Use the standard magneto timing for hill-climbs, but for pure speed work on the level one tooth advance will give another mile or so an hour. Set the points to open very slightly, and fit two springs to the contact breaker.
For the actual event “K.L.G." plugs, type F 12, are the: most suitable, but do not drive to the venue on them or they will oil up. For ordinary road use there is nothing to compare with K.L.G. plugs, type G2.
As regards oil for speed work, Speedwell White Ideal or Wakefield Castrol R are the best.
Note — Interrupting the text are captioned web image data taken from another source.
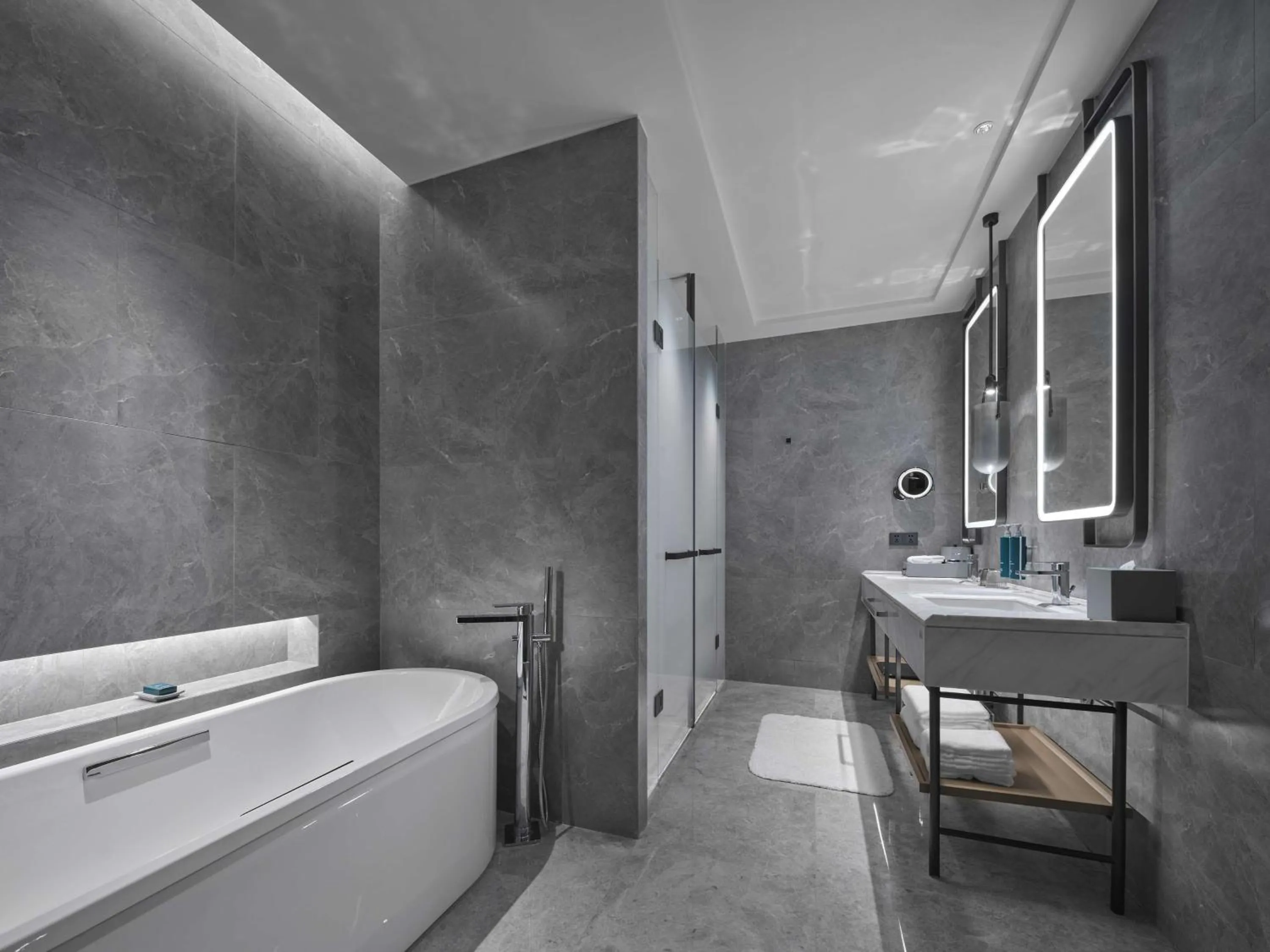 Bathroom, Bed in Doubletree By Hilton Rugao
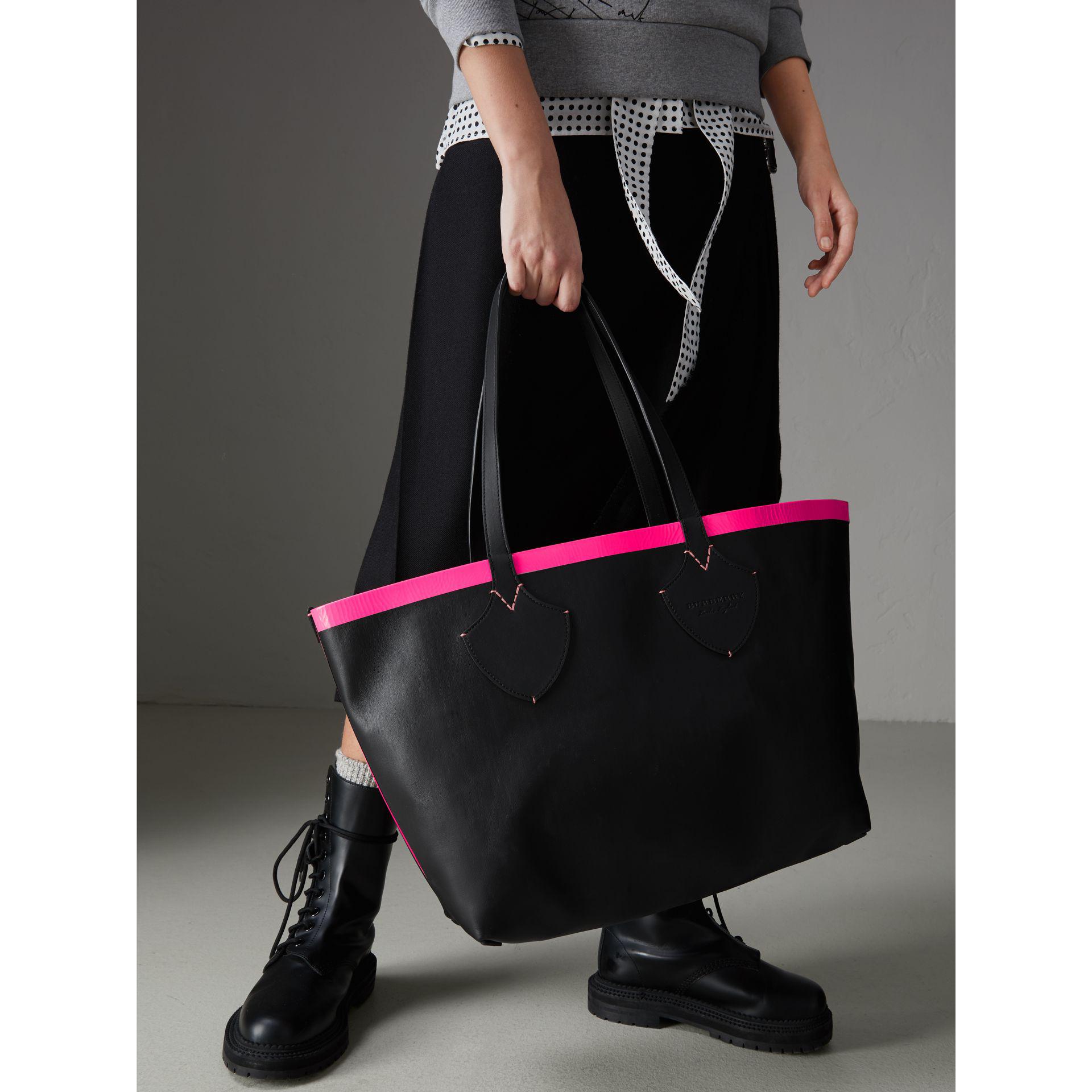 the medium giant reversible tote in canvas and leather
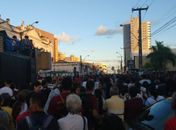 Milhares de fieis participam da solenidade de Corpus Christi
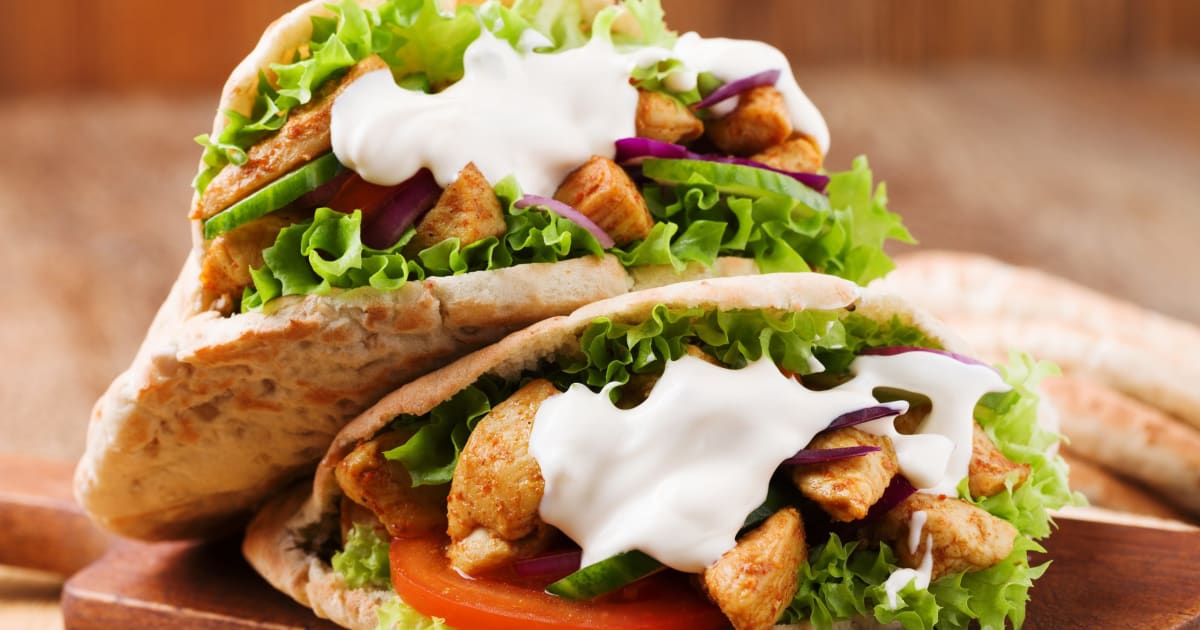 Pita au poulet et sauce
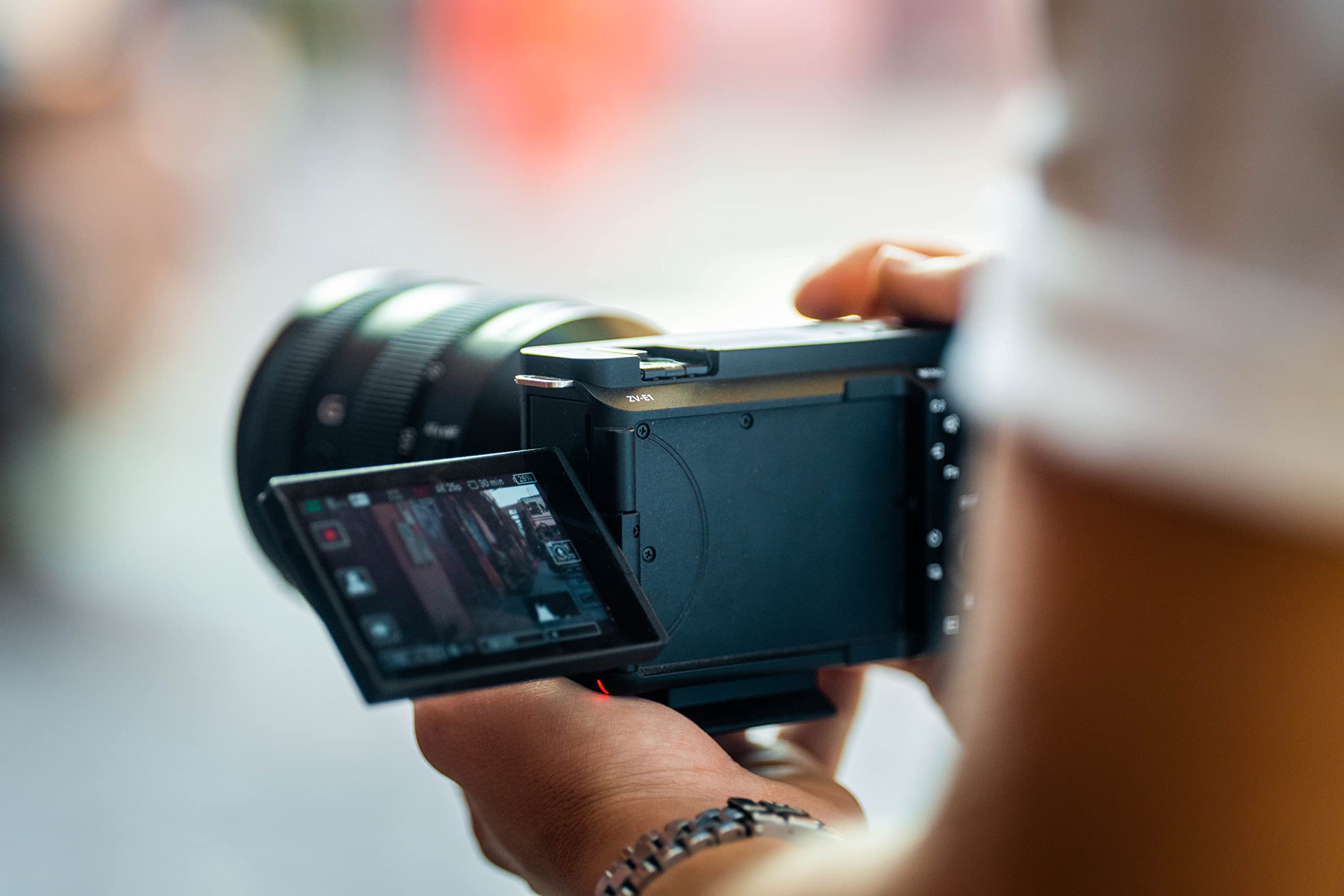 sony-zv-e1-vlog-camera-full-frame-con-obiettivo-intercambiabile image 2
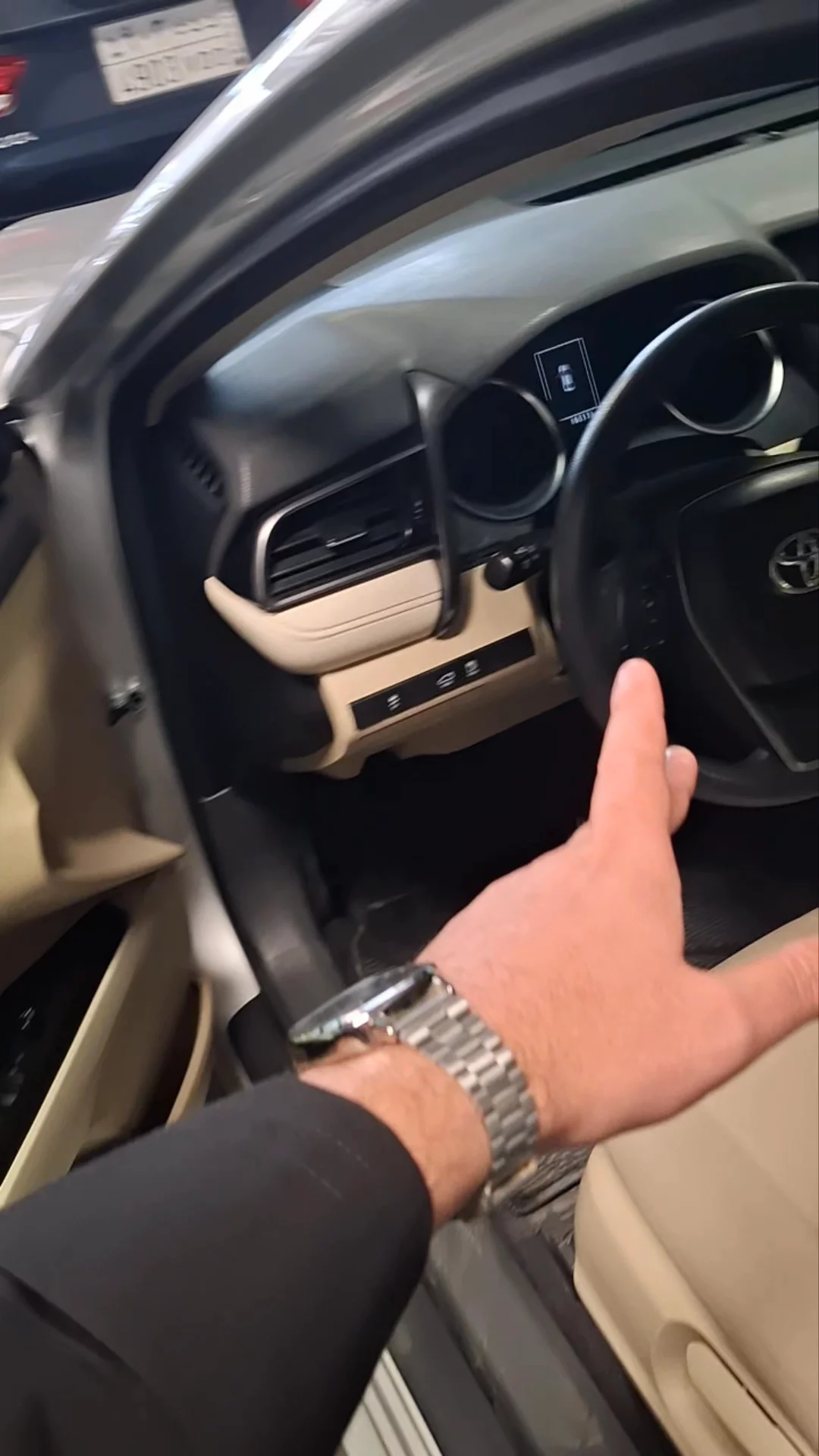 Car video thumbnail 1 of 11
Scrap the entire exhaust valve lifter assembly, and instead fit a magneto cut-out.
Balance Your Wheels.
Do not forget to see that the road wheel bearings are properly adjusted and locked, and also that the wheels spin freely. Correctly balance the road wheels by weighting the rim with a mass equal in weight to the heaviest part of the rim, so that the wheels, when set spinning, will come to vest at any point without oscillating.
Grease the leaves of the frame springs, and bind tightly with whip cord.
Fit a saddle lower than standard, such as Brooks B225.
See that the chain is in good condition, clean, well lubricated, and at the right tension.
If competing in a hill-climb adopt the following procedure: Get the engine thoroughly warmed up and bring your machine to the starting line. About five seconds before the word "Go," engage your bottom gear, keeping the machine stationary with the engine running gently by holding the clutch lever.
When the starter counts “three, two, one, go,” at the word three slam the throttle wide open. As he says "go," release the clutch lever completely letting the clutch fly in. The machine will plunge all over the road for few yards, therefore keep your feet dangling ready to give a dig one side or the other while you fight with the machine to get it straight.
Then, pick up your feet and, when engine is revving all out on bottom speed, slip the clutch and Snick the gear lever into second. Third and fourth speeds are engaged in a similar manner, the change not being made until the engine is really screaming on the particular gear in use. The throttle is not touched from start to finish, being left wide open until the finishing line is crossed. When changing gear in a hill climb, not more than half a second should elapse when changing up from the moment the clutch is slipped until it is fully home on the next gear.
Do not attempt the start with the engine howling by dropping the clutch lever until you have practised it in private, or you will find yourself in the ditch.
When descending the hill between classes do so with the gear lever in neutral, and the engine stationary, or you will promptly oil up your F12s.
Before concluding do not drill holes in the pistons, but you may leave off the middle piston ring. In fact, for speed work it is better to do so. In following out the tuning hints given, exercise the greatest care. Do not attempt it at all unless you know what you are about.